Recommendations for item set completion: on the semantics of item co-occurrence with data sparsity, input size, and input modalities

Published in Information Retrieval Journal, 2022

Access paper here

Abstract: We address the problem of recommending relevant items to a user in order to “complete” a partial set of already-known items. We consider the two scenarios of citation and subject label recommendation, which resemble different semantics of item co-occurrence: relatedness for co-citations and diversity for subject labels. We assess the influence of the completeness of an already known partial item set on the recommender’s performance. We also investigate data sparsity by imposing a pruning threshold on minimum item occurrence and the influence of using additional metadata. As models, we focus on different autoencoders, which are particularly suited for reconstructing missing items in a set. We extend autoencoders to exploit a multi-modal input of text and structured data.
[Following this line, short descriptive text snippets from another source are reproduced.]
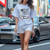 Woman wearing Legendary Suzuka RX7 Automotive Graphic T-Shirt – Blue tee featuring detailed RX7 graphics with Japanese lettering and racing elements. Perfect gift for JDM and car culture enthusiasts.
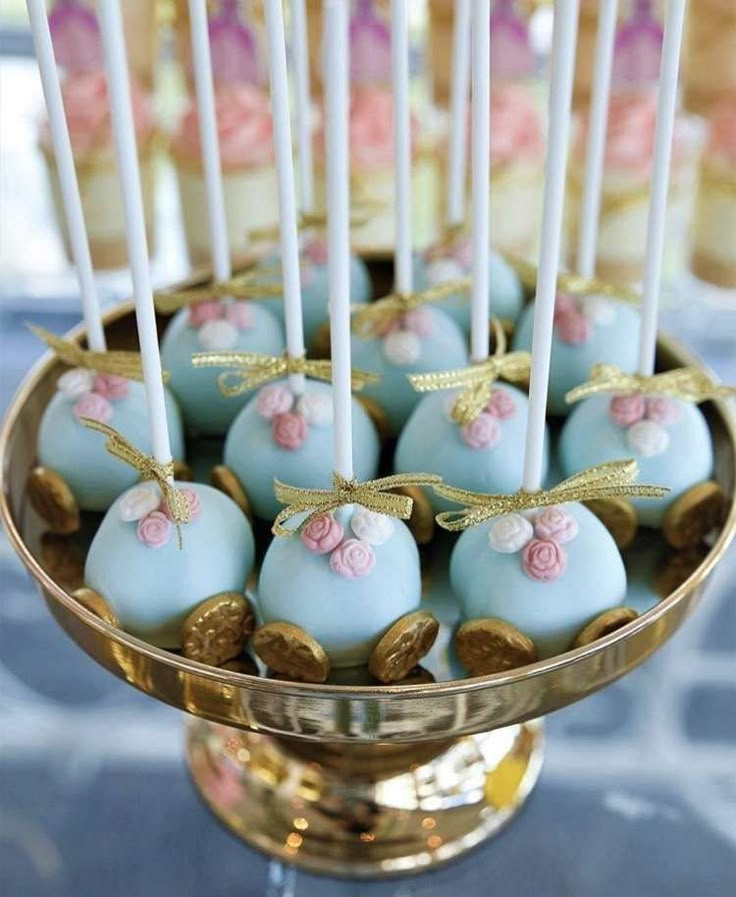 there are some cake pops with candles in the middle on a gold plated stand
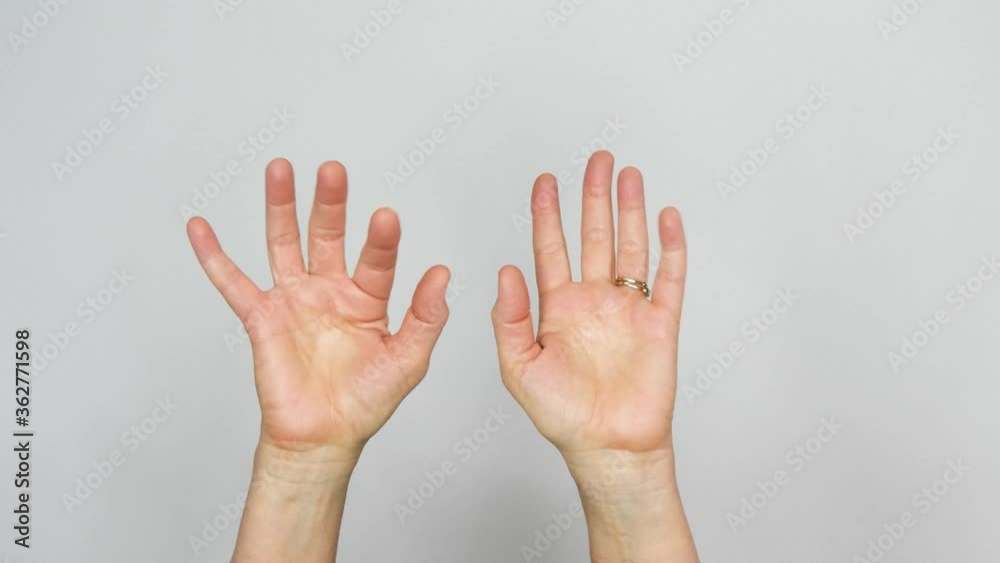 Two hands are seen doing magic fingers with the fingers flickering energetically in front of a white background. Two hands are seen doing magic fingers with the fingers flickering energetically in front of a white background.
Our experiments on six real-world datasets show that supplying the partial item set as input is usually helpful when item co-occurrence resembles relatedness, while metadata are effective when co-occurrence implies diversity. The simple item co-occurrence model is a strong baseline for citation recommendation but can provide good results also for subject labels. Autoencoders have the capability to exploit additional metadata besides the partial item set as input, and achieve comparable or better performance. For the subject label recommendation task, the title is the most important attribute. Adding more input modalities sometimes even harms the results. In conclusion, it is crucial to consider the semantics of the item co-occurrence for the choice of an appropriate model and carefully decide which metadata to exploit.